1.) „Gib nicht auf bevor die Uhr abgelaufen ist“ – Der Satz zieht sich versteckt durch das gesamte Werk und kann als Lebensmotto beider Hauptfiguren angesehen werden. Tracey bekommt die Aufgabe im freiwilligen Unterricht einen Aufsatz zu diesem Thema zu verfassen. Diesen schreibt sie über ihre Großmutter und sich selbst, da ihre Großmutter nach diesem Motto ihr Leben geführt hat. Sie hat Tracey aufgezeigt, wie wichtig es im Leben ist zu kämpfen. Rückblende zu Traceys Familie: Traceys Vater hat seiner Frau und seinen Kindern Gewalt zugefügt und ihre Mutter musste unter dieser Gewalt ihr Leben lassen. Hier steht nicht die körperliche Kraft, sondern die seelische Kraft der Großmutter und auch Traceys, als sie von dieser Tat erfährt, im Vordergrund. Tracey benötigt das Wiederaufstehen gegenwärtig um im Jugendgefängnis zu überleben. Auch die Figur Mandy kann auf diesen Satz bezogen werden - sie muss sich selbst und ohne die Hilfe ihrer Eltern vor ihrem Bruder beschützen. Tracey und Mandy geben ihre Freundschaft zueinander nie auf, unwichtig, welche Umstände und Lügen sie an ihrer Freundschaft zweifeln lassen. In dem letzten Brief Traceys an Mandy, den sie nicht abschickt, greift sie ein letztes Mal darauf zurück und zeigt eine letzte Hoffnung Traceys und appelliert an Mandy nicht aufzugeben, bevor ihre Uhr abgelaufen ist.

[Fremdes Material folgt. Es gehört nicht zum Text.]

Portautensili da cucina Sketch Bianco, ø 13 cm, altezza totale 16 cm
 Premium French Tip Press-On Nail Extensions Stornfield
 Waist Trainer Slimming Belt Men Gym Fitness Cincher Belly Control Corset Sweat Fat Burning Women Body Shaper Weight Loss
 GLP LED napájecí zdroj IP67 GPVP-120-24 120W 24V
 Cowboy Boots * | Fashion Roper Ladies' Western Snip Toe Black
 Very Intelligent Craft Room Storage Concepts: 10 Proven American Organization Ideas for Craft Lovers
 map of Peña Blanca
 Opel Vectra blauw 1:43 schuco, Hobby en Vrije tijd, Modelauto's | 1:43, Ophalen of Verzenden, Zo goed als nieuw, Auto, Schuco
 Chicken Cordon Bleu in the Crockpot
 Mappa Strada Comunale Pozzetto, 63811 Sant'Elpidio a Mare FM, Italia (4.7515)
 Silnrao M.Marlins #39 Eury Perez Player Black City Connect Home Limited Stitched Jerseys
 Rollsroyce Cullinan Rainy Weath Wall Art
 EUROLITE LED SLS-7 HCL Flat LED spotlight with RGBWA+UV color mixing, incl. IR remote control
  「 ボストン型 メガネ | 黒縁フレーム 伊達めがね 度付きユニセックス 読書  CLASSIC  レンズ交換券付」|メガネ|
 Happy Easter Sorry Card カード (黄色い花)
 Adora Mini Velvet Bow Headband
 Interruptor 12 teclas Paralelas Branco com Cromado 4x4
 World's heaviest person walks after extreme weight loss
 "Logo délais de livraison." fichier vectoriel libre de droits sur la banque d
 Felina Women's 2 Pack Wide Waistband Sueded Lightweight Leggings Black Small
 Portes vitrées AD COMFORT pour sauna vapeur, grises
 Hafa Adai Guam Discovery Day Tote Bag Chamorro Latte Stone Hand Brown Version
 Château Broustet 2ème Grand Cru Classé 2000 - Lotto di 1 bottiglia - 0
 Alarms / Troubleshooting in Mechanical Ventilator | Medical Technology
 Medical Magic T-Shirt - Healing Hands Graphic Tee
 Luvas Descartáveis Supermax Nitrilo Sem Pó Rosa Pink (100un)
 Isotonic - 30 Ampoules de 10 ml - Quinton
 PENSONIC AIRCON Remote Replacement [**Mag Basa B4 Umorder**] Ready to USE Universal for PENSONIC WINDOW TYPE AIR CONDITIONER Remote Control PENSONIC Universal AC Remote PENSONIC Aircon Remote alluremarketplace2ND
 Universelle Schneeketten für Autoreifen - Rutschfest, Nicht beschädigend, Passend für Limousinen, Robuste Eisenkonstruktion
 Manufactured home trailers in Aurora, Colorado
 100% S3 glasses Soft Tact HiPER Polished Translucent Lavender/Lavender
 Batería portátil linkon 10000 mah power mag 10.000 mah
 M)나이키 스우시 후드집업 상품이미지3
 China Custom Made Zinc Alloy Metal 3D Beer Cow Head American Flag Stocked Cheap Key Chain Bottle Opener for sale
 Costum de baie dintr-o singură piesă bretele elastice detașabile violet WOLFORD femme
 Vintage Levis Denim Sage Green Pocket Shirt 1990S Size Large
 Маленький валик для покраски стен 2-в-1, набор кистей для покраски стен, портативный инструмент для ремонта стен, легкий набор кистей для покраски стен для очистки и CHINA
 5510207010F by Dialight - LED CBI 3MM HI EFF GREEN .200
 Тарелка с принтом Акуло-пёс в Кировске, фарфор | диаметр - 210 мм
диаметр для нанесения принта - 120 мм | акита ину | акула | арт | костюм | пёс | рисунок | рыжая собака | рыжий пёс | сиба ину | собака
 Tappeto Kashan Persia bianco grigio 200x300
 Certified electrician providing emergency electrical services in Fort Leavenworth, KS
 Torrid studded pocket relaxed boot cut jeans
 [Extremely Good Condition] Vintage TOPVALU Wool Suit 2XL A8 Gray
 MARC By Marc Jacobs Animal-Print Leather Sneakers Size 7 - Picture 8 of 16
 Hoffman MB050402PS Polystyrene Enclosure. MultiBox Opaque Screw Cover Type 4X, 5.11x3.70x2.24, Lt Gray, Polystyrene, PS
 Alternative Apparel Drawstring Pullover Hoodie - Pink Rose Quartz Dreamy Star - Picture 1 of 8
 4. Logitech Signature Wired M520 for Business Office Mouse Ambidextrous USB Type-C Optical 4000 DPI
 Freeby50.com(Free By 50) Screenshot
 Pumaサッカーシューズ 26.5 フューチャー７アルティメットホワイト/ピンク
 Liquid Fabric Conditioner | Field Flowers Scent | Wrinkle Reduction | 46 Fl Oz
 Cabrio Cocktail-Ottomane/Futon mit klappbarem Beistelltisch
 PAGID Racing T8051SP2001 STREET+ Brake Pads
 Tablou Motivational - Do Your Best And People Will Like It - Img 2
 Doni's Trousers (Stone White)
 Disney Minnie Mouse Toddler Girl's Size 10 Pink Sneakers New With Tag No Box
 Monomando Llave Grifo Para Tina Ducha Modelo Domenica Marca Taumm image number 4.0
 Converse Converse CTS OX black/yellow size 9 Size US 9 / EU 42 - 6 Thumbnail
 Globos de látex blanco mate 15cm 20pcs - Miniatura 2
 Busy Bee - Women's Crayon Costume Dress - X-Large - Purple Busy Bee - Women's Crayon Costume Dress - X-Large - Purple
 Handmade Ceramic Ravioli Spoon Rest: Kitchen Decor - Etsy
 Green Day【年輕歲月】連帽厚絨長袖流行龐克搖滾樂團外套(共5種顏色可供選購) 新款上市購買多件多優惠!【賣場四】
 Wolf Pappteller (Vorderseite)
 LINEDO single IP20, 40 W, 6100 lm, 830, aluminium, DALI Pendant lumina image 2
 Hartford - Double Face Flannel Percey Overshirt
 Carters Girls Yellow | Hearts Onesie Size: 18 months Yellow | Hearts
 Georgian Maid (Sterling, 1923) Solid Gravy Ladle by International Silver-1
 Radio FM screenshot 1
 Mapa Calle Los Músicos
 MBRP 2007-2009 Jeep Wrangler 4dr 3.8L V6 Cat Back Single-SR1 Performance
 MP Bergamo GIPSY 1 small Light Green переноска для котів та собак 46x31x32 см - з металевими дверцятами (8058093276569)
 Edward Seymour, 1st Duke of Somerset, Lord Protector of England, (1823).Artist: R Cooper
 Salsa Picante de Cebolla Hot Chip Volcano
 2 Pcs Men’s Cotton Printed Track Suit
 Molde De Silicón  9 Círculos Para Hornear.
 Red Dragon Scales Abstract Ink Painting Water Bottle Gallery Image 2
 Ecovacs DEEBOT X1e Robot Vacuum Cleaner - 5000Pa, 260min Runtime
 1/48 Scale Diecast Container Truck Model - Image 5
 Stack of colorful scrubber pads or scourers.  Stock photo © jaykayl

2.) Gewalt ist die zentrale Thematik im Briefroman. Hier treffen Opfer und Täter verschiedener Ausgänge und Konstellationen aufeinander und entwickeln eine enge Brieffreundschaft. Als erstes ist Mandy zu nennen, die unter den Gewaltausbrüchen ihres Bruders Steve leidet und diesem hilflos ausgeliefert ist. Sie fürchtet sich vor ihm und traut ihrem Bruder Mord zu: „Weißt du, wenn ich über diese Typen lese, die die Morde in Richmond Park oder das Massaker im Harvey House begangen haben, dann frage ich mich, ob mein eigener Bruder so enden wird.“ (S. 32) In Bezug auf das Thema Gewalt steht Mandy in Kontrast zu Tracey. Tracey, inhaftiert in Garrett, sitzt wegen einer Straftat im Jugendgefängnis. Diese musste selbst in ihrer Kindheit Gewalt durch ihren Vater erfahren und wechselt so von der Opfer- zur Täterrolle.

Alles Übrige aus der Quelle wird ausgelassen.